=== Information shown ===

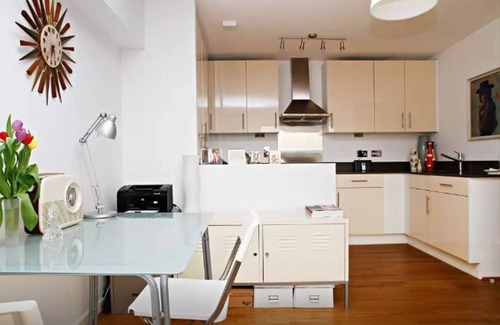 Crouch End Apartment | GuestReady - Fabulous views from Mini Penthouse
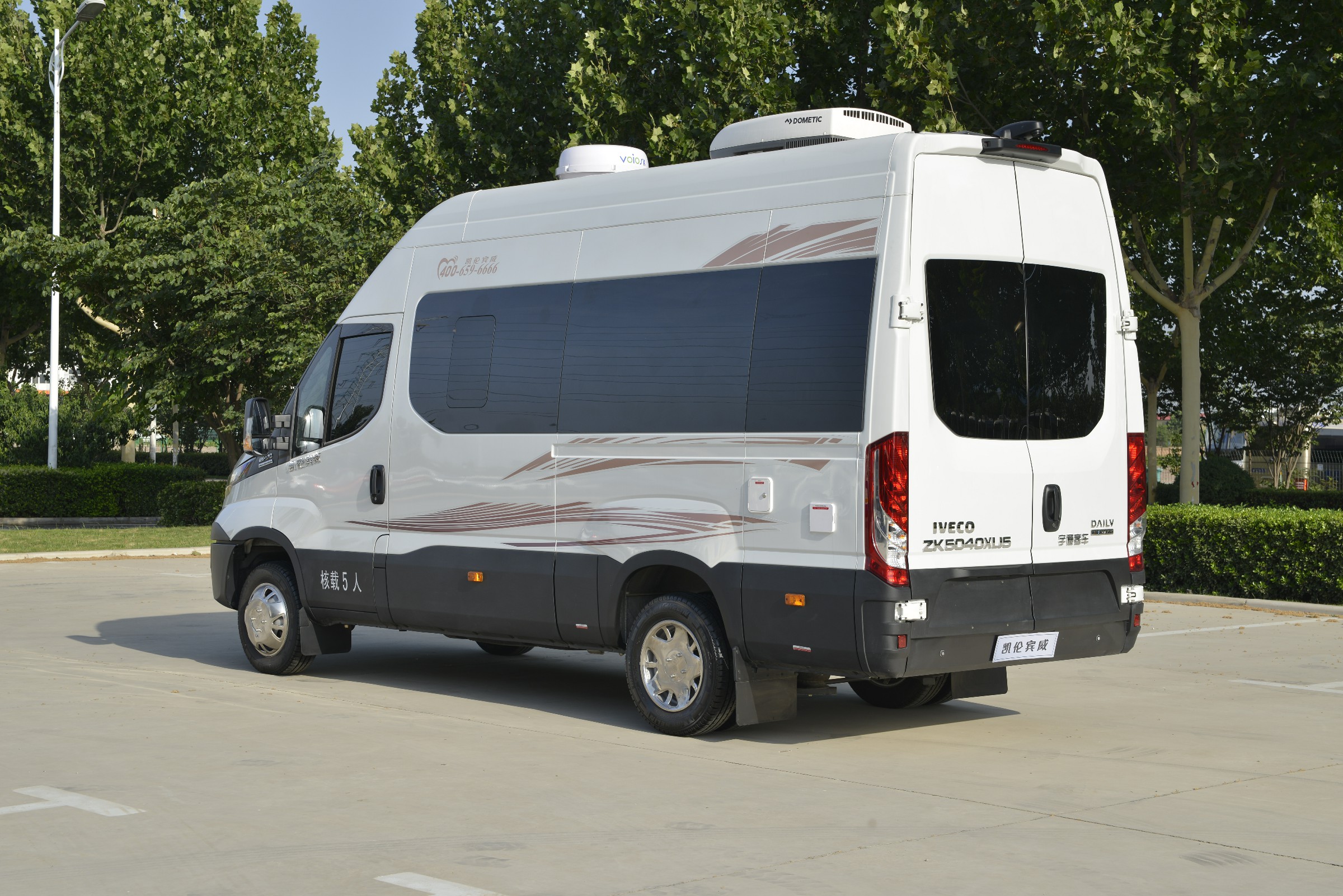 房车和商务车的区别有哪些__凤凰网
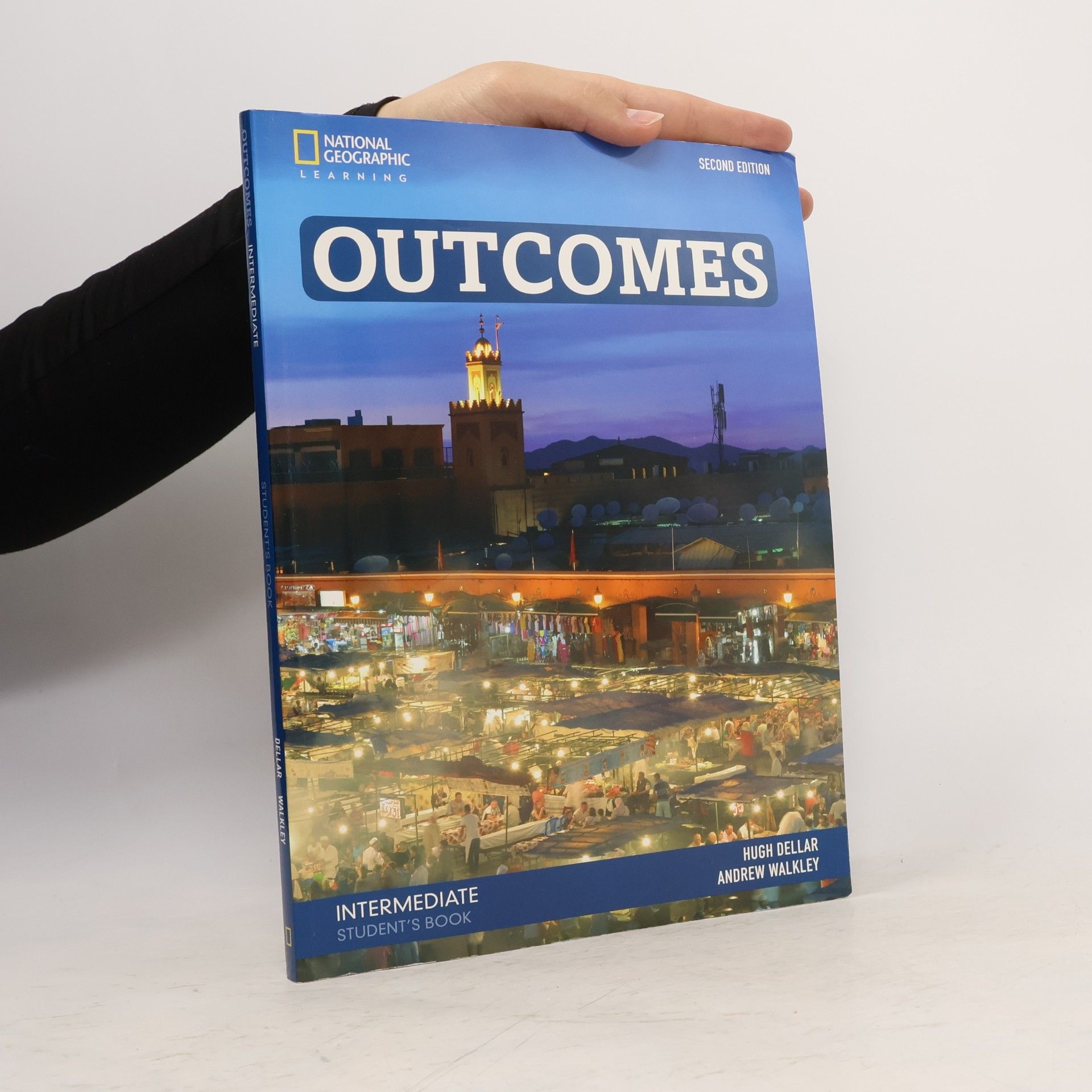 Andrew Walkley Outcomes: Intermediate. Student's book.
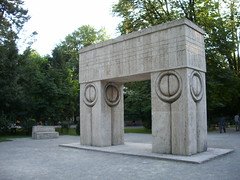 Gate of the Kiss, Targu Jiu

===

### What is needed
Print every line of the material above exactly as it reads, skipping the pictures.

### Response to the task
 Crouch End Apartment | GuestReady - Fabulous views from Mini Penthouse
 房车和商务车的区别有哪些__凤凰网
 Andrew Walkley Outcomes: Intermediate. Student's book.
 Gate of the Kiss, Targu Jiu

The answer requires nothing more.